Your settings should work as hard as your characters and plot. Follow the steps below on how to create memorable settings that bring your novel to life.
Identity your major settings
By major settings, I mean the ones you will use in many scenes. My protagonist is Rae Riley, a nineteen-year-old young woman who has just discovered her father and his family and has moved in with them. They live in a rural county in southeastern Ohio. What kind of settings would a young woman move in?
- Her home–this is a small farm where her grandmother, father, and three half-brothers live. Her grandmothers keeps alpacas. I discussed creating a home base for your protagonist here.
- Her work or school–Rae isn’t doing college yet in the series, but she works over thirty hours a week as a check-out clerk at the local library, which is in the small town that’s the county seat.
- Locations of any hobbies
- Friends’ homes
- Stores and restaurants
- Church
- The woods, fields, and hills that are part of the the southeastern Ohio landscape
This is Rae’s basic world. My genre is mystery, specifically cozy mystery. So I also need to choose settings that I can use in the mystery.
- Scene of crime
- Suspects’ homes or place of employments
- Places to find clues and red herrings
Explore your settings like a tourist
Diving into your settings like you would a place where you chose to go on vacation will go a long way to making them memorable.

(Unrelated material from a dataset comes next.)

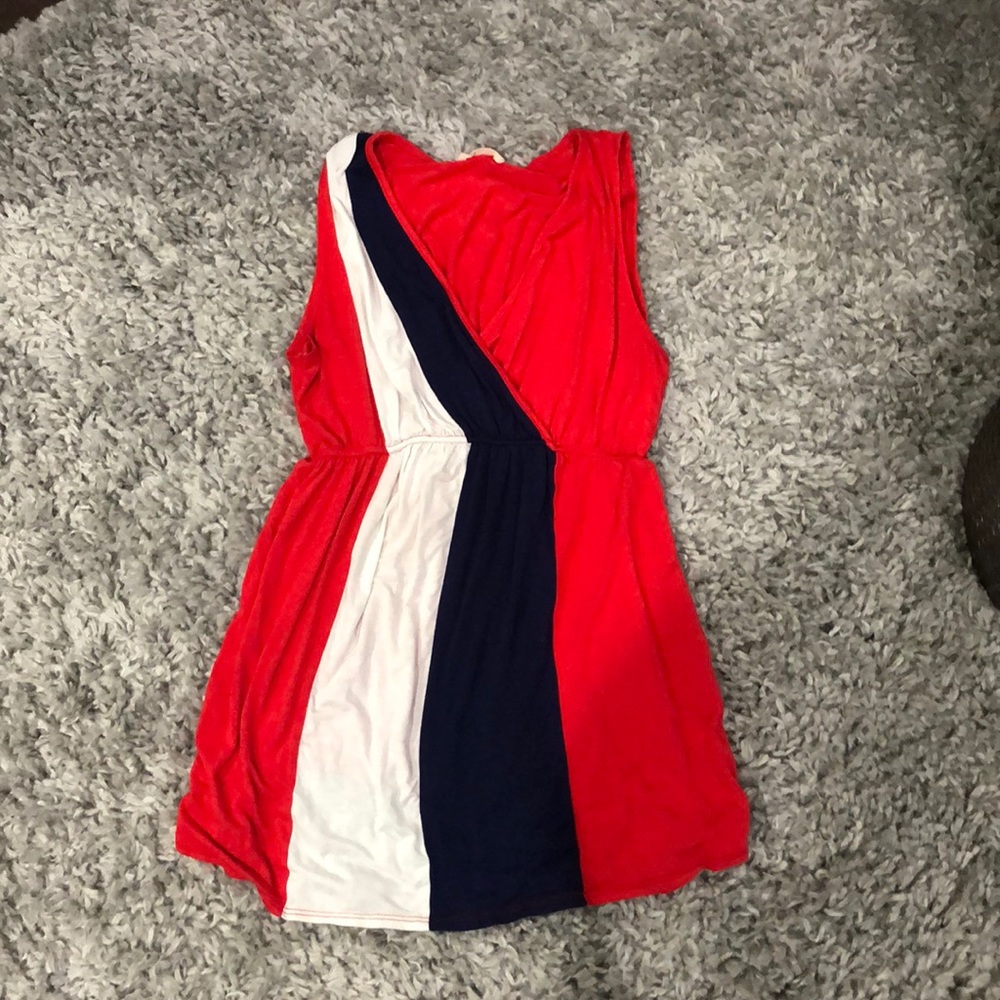 Maternity top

Rae needs to be in places where she can talk to suspects. A public library is a great place where that can happen. Anyone can walk through the front doors. In a rural location, more people might use a library because it has services, like the internet, which are more expensive or of poorer quality in people’s homes.
I’ll walk through my library setting and see what else it has to offer. Lots of bookshelves means Rae could overhear a conversation in an adjacent aisle, and it’s reasonable for the two people talking not to realize they aren’t alone. The maze-like pattern of tall shelves would be a great place for a chase. Most libraries have a room with historical documents for the local area–the perfect place for Rae to conduct research with resources that wouldn’t be online.
Rae works with a variety of employees at the library, from the director who is in charge to the janitor. How could these professional relationships affect a mystery?
What else does a library provide for a story? People return materials. What if patron left something incriminating in a book and must get it back? Libraries offer public internet terminals. What if Rae walks by a patron on a terminal and the site she’s visiting sets off warning bells for Rae?
When you dig deeply into your major settings, they will suggest characters and plot that will provide you with the raw material to make your settings memorable, breathing life into your novel in a way that only a carefully crafted settings can.
What memorable settings have you read?